Data Transfer Performance Expectations
Determining Performance Expectations
Knowing what performance to expect from your data transfer tool can be tricky, as the bottleneck might be the network, the disk, or the CPU. You will first want to run memory to memory tests to isolate network performance from disk performance.
Here are some steps to help guide this testing.
- Install a perfSONAR Toolkit, or one of the perfSONAR Bundles, and establish regular testing to the remote end of where you will be transferring data. If the other end does not have a perfSONAR node, ask them to set one up.
- Over the course of a week, evaluate the performance between the facilities. Node that if both ends are tuned and using perfSONAR tools, the numbers they report will represent the average network performance for a short test, using a single stream of TCP. This will form the baseline for what the network is capable of.
- Data transfer tools normally use parallel streams, so they could in fact use more of the available network resources, but they also must read and write from physical media. Without tuning, this can become the bottleneck.

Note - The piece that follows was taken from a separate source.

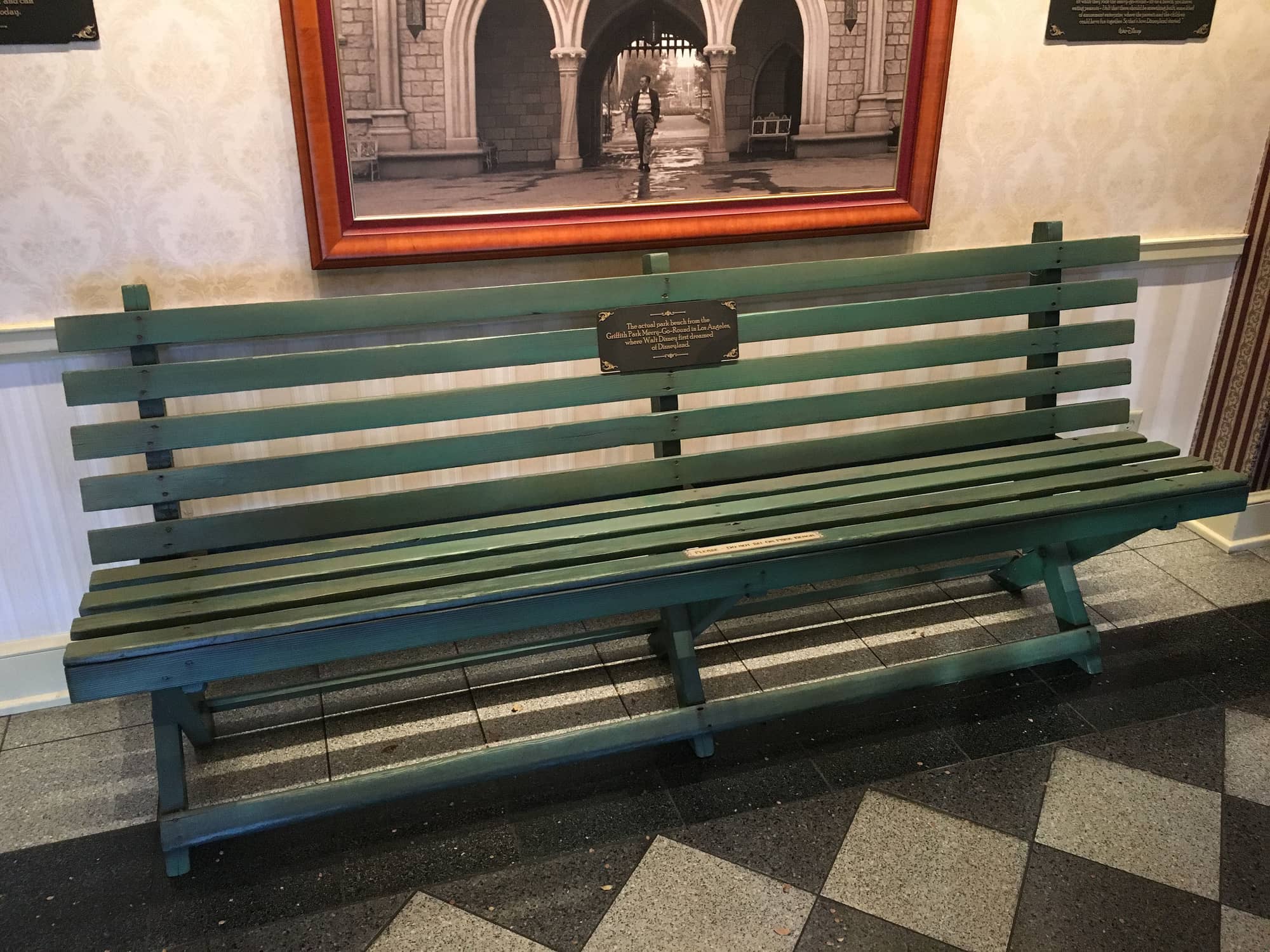 A green-painted wooden park bench under a framed photograph of Walt Disney, with a plaque saying it is the actual park bench from the Griffith Park Merry-Go-Round where Walt Disney first dreamed of Disneyland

- Pick the tool you will be testing, and ensure it is installed and configured on both ends. It is recommended that you follow the guidelines for tuning your data transfer node.
- Invoke the tool such that reading is from /dev/zero on one side, and writing is done to /dev/null on the other. This will not use the disk on either end, and gives us another important baseline: how well the tool can perform over the network using the hosts. We would expect this number to be the same as, or better than, perfSONAR. If it is worse, read the documentation for the tool to ensure it is tuned properly.

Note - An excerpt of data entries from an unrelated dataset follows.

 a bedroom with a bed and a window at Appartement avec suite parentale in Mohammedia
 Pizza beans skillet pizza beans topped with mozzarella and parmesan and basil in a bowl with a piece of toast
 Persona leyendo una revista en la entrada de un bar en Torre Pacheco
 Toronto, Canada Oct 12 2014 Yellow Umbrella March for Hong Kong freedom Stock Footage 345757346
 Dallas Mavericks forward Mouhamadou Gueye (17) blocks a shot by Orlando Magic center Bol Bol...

- Invoke the tool again and test read performance independent of write performance:
- Test reading from the disk (e.g. a test file you select or make yourself) on one end, and write to /dev/null on the other. This will test the read performance from one of the hosts, but ignore the write performance on the other side.

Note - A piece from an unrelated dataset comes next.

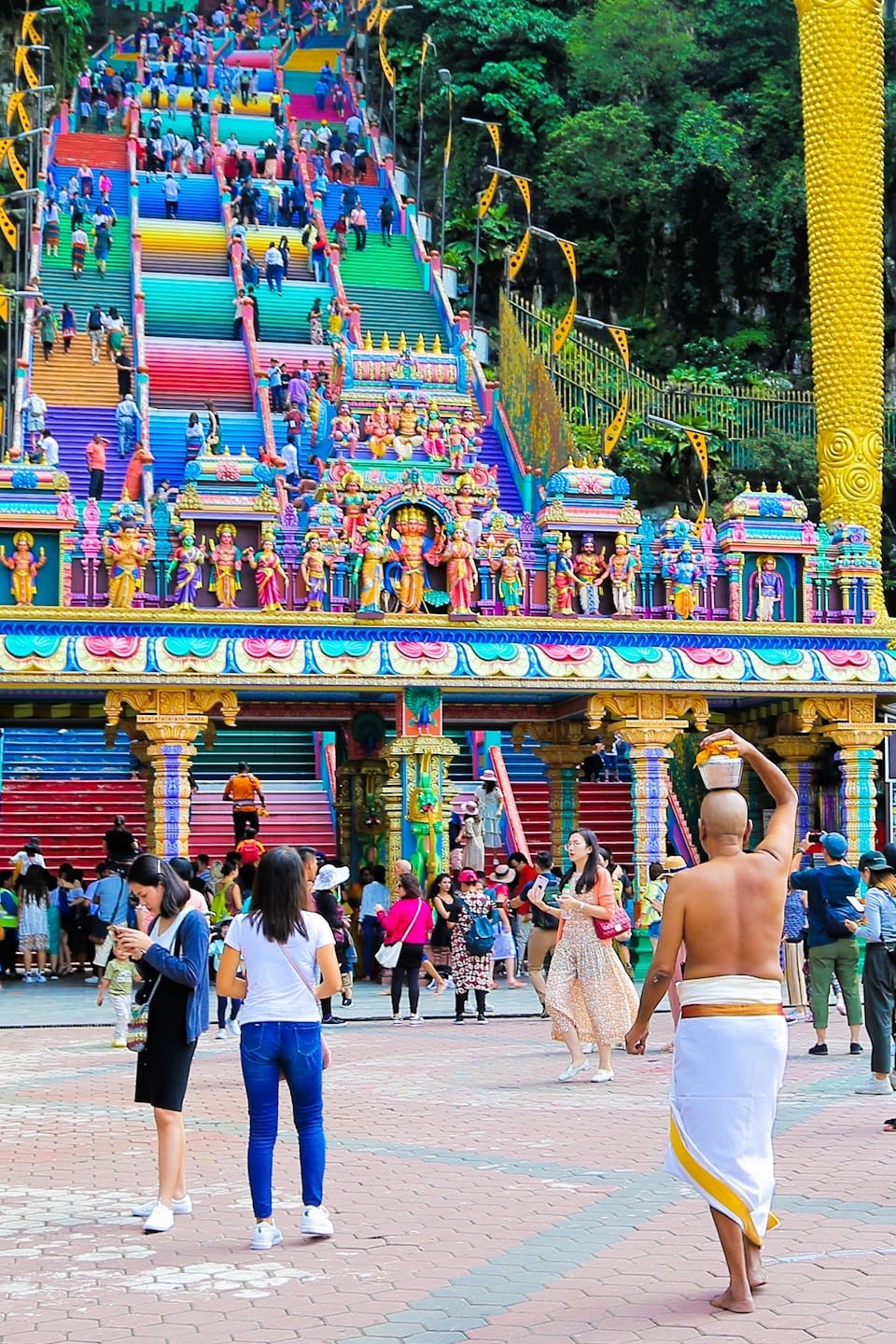 KL Sentral to Batu Caves DIY day trip man with offering on head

- Read from /dev/zero on one end, and write to the filesystem on the other. This will test the write performance from one of the hosts, and ignore the read performance on the other side.
- Finally, test reading and writing a file to and from each host.
- The results from the previous steps may all be different, by structuring the tests in this manner you can identify areas that are in need of improvement either from tuning the software and hardware, or due to other factors such as the network.